Bugün bu milletin fertlerine düşen görev, sadece tepki vermek değil; bilinçli ve örgütlü bir şekilde, ülkesine ve devletine sahip çıkacak bir “fedai ruhu” taşımaktır. Fedailik, rastgele bir cesaret gösterisi değildir. Bilinçli bir kararlılık, sarsılmaz bir sadakat ve gerektiğinde her şeyini feda edebilecek bir ruh halidir. Bu ruh, Çanakkale’de, Sakarya’da, Dumlupınar’da kendini göstermiştir.
Şimdi yeni bir çağda, yeni bir tehdit düzeniyle karşı karşıyayız. Bu tehdit fiziki değil sadece; zihinsel, kültürel ve sistematiktir.

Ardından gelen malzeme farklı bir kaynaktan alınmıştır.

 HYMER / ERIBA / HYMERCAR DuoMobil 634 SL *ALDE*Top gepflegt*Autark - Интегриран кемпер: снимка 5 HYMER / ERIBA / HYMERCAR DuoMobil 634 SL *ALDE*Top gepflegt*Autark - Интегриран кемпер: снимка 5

Bu yüzden bu çağın fedaileri de kalemle, sözle, bilgiyle ve bilinçle mücadele etmelidir.
“Vatanı korumak çocukları korumakla başlar” sözü bugün her zamankinden daha anlamlıdır. Bu milletin çocukları, Türk kimliğiyle, Türkçeyle, Türk tarihiyle yetiştirilmeli; “dünya vatandaşı” masallarıyla değil, “vatan evladı” gerçekliğiyle büyütülmelidir.
Ve elbette unutulmamalıdır:
Türkiye Cumhuriyeti ilelebet payidar kalacaktır!
Ona el uzatan, dil uzatan her yapı, geçmişte olduğu gibi milletin iradesiyle karşılaşacak ve tarihin çöplüğüne gömülecektir.
7. SONUÇ: VATAN, MİLLET, DEVLET — HAZIR OL!
Bugün geldiğimiz noktada, Türk milleti için sıradan bir dönemden geçmiyoruz. Bu bir kırılma anıdır. Bu anı ya atalarımıza yakışır şekilde karşılayacağız ya da tarih önünde mahcup olacağız.
Fedailer hazır olmalıdır!
Bu fedailik, bilinçli bir yurtseverliğin, akılcı bir kararlılığın ve asla sönmeyen bir bağımsızlık meşalesinin adıdır. Bu milletin öz evlatları, tarihsel görevlerini yerine getirmek üzere harekete geçmeli; milli birlik içinde, meşru zeminde, hukuk ve töre ışığında devlete ve vatana sahip çıkmalıdır.
Çünkü bu topraklar, bizimdir. Bu devlet, bizimdir.
Ve bu mücadele, bizim varlık davamızdır.